◆ WORK TO BE COMPLETED
Please copy every record below exactly and leave out the pictures.
# # # #
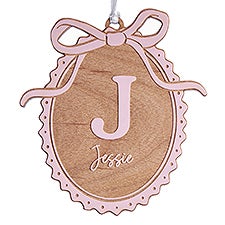 Kittenish Engraved Wood Bow Initial Ornament - 56578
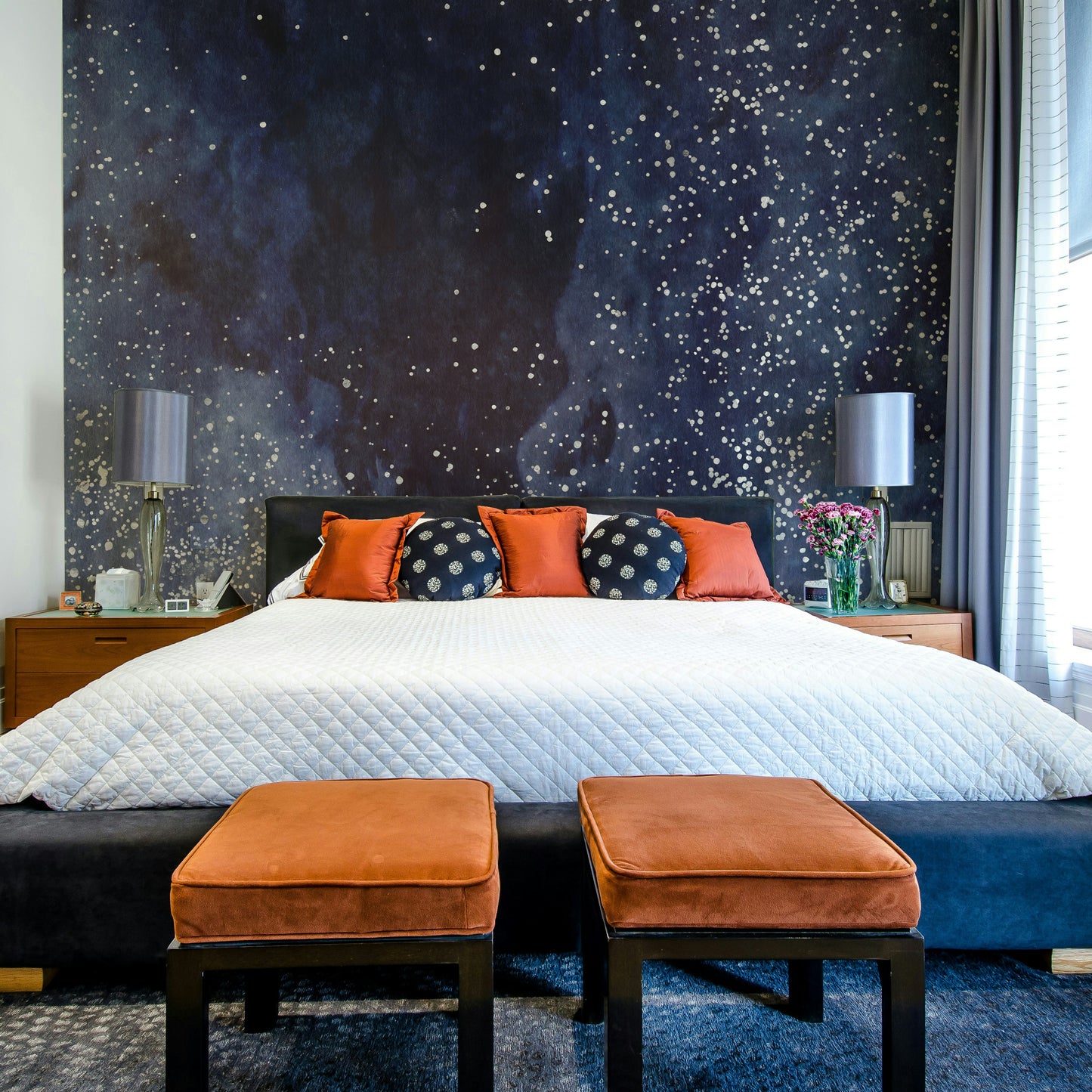 Deep blue and starry cobalt galaxy mural for bedrooms or living rooms.

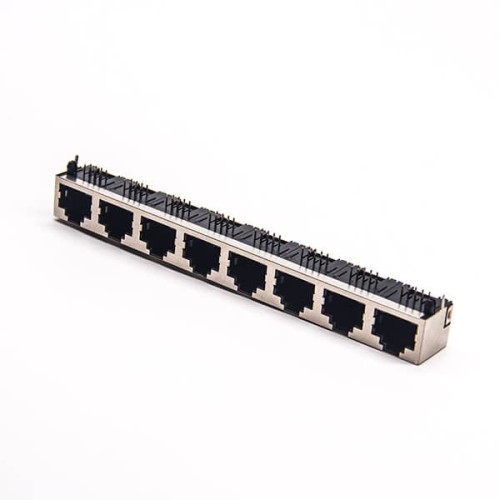 RJ45 Ethernet Socket 8 Port without LED Angled Coupler DIP Type RJ45 Ethernet Socket 8 Port without LED Angled Coupler DIP Type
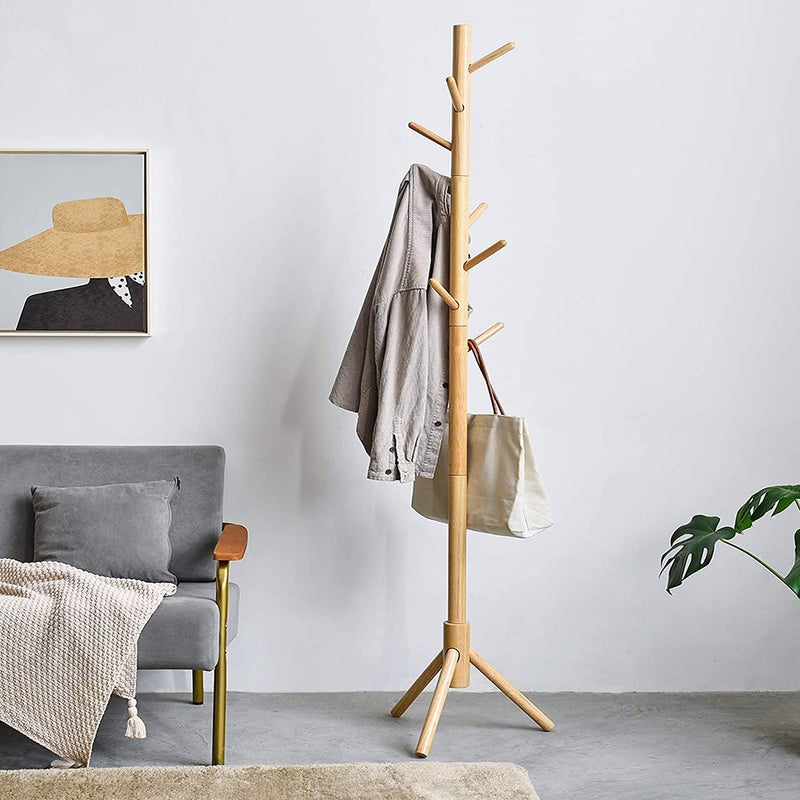 WHISKET Wooden Coat Rack Durable Wooden Clothes Rack Suitable for All Clothes Bedroom Office Hotel as Hanger Tree or Floor Hanger Beige 922 - Image 2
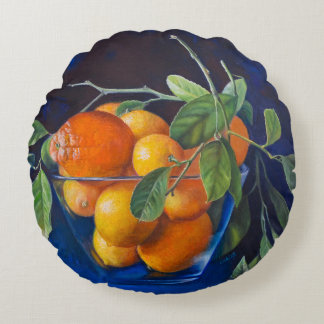 Still Life with Lemons and Orange Branch Rund Kudde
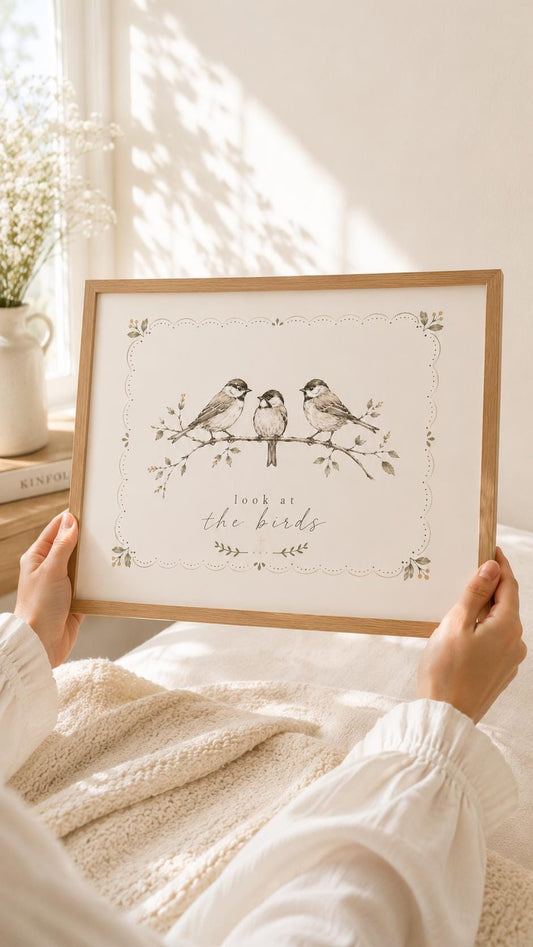 Look at the Birds Matthew 6:26 Christian art print with three songbirds on muted green botanical branches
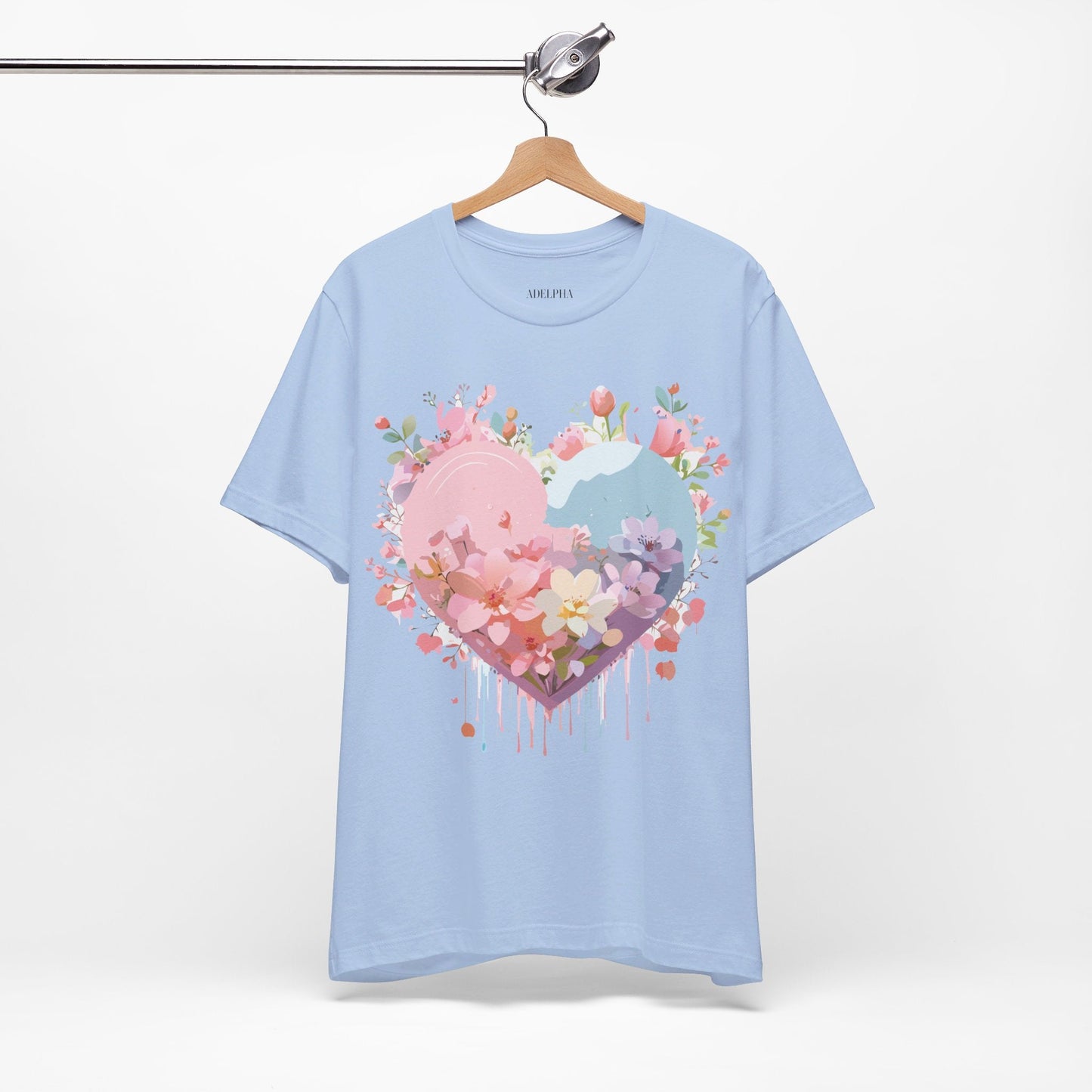 Valentine Day Graphic Unisex 100 Cotton Vintage Artwork with Love and Flower Design Tee 31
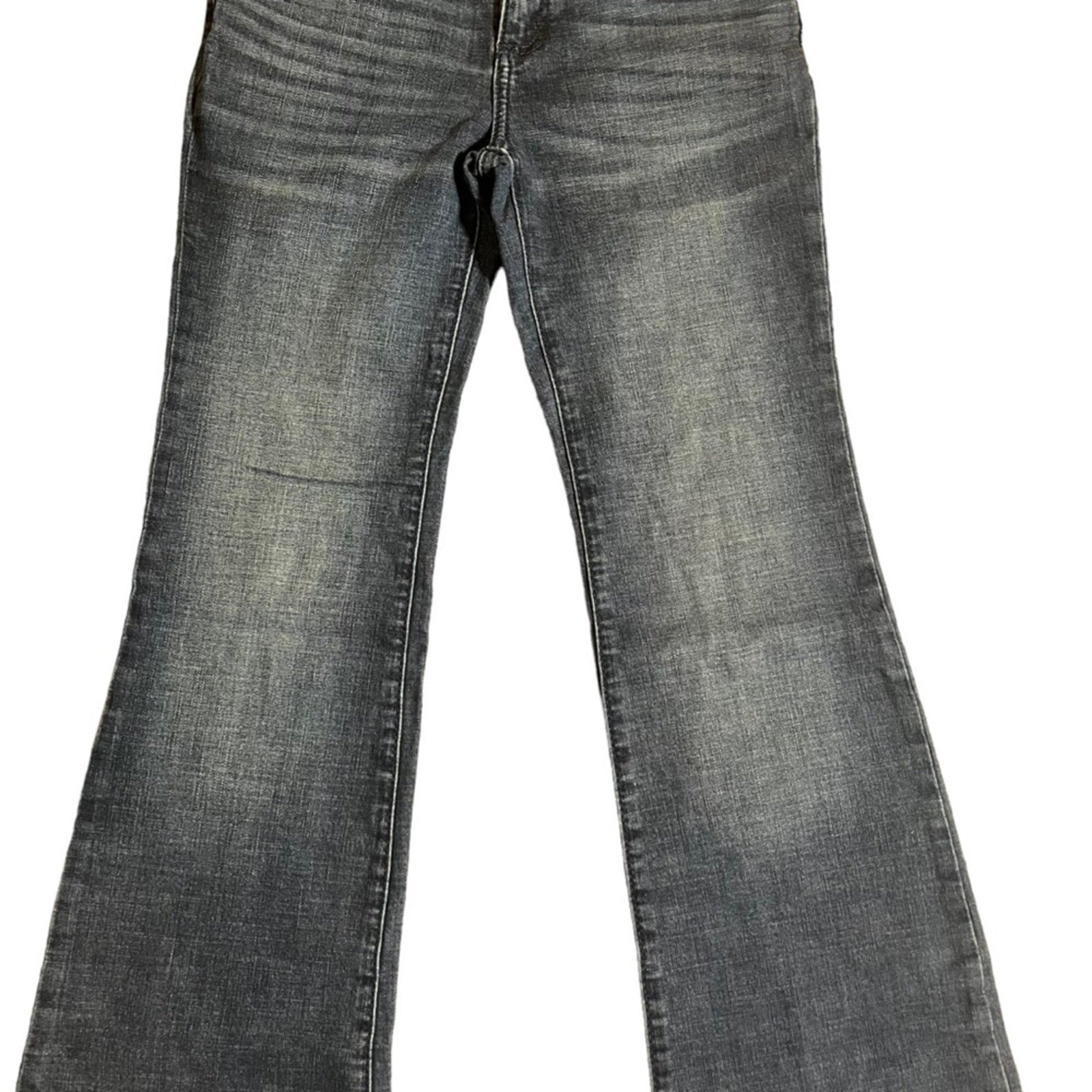 Wrangler Retro Mid Rise Wide Leg Trouser Jeans Womens Size 3x34 Whiskered Long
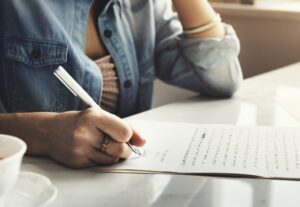 woman writing a letter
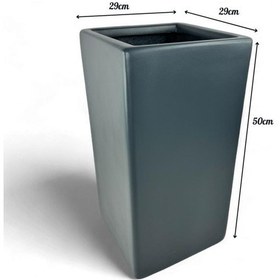 Resim Fiber Saksı Antrasit Dik Dörtgen Vazo Dekoratif Saksı Fiberglas 25 25 50cm 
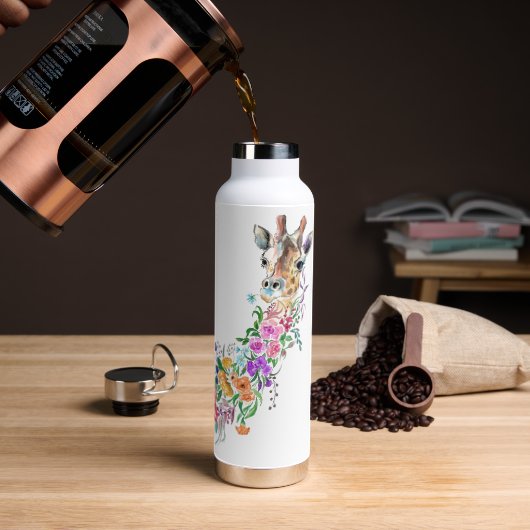 Colorful Flowers Bouquet Giraffe Water Fles (Koffie)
# # # #
◆ OUTPUT BELOW
 Kittenish Engraved Wood Bow Initial Ornament - 56578
 Deep blue and starry cobalt galaxy mural for bedrooms or living rooms.

 RJ45 Ethernet Socket 8 Port without LED Angled Coupler DIP Type RJ45 Ethernet Socket 8 Port without LED Angled Coupler DIP Type
 WHISKET Wooden Coat Rack Durable Wooden Clothes Rack Suitable for All Clothes Bedroom Office Hotel as Hanger Tree or Floor Hanger Beige 922 - Image 2
 Still Life with Lemons and Orange Branch Rund Kudde
 Look at the Birds Matthew 6:26 Christian art print with three songbirds on muted green botanical branches
 Valentine Day Graphic Unisex 100 Cotton Vintage Artwork with Love and Flower Design Tee 31
 Wrangler Retro Mid Rise Wide Leg Trouser Jeans Womens Size 3x34 Whiskered Long
 woman writing a letter
 Resim Fiber Saksı Antrasit Dik Dörtgen Vazo Dekoratif Saksı Fiberglas 25 25 50cm 
 Colorful Flowers Bouquet Giraffe Water Fles (Koffie)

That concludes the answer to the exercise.